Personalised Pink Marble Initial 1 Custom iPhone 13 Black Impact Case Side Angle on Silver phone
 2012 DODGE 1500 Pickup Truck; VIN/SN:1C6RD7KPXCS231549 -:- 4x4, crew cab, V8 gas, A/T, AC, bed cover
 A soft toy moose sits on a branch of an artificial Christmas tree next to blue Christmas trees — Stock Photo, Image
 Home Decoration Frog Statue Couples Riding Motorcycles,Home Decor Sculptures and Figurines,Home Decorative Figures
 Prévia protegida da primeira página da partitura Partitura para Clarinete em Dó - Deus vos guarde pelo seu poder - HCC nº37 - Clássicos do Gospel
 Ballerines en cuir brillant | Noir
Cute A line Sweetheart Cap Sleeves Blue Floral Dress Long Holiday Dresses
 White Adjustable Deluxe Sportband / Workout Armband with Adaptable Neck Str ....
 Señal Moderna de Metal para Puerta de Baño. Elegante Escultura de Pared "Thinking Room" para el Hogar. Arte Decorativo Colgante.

═══

What to produce: Reproduce, character for character, only the lines of the preceding data that start at the line with "Home Decoration Frog" and end at the line with "Prévia protegida da", both included.

Completed task:
 Home Decoration Frog Statue Couples Riding Motorcycles,Home Decor Sculptures and Figurines,Home Decorative Figures
 Prévia protegida da primeira página da partitura Partitura para Clarinete em Dó - Deus vos guarde pelo seu poder - HCC nº37 - Clássicos do Gospel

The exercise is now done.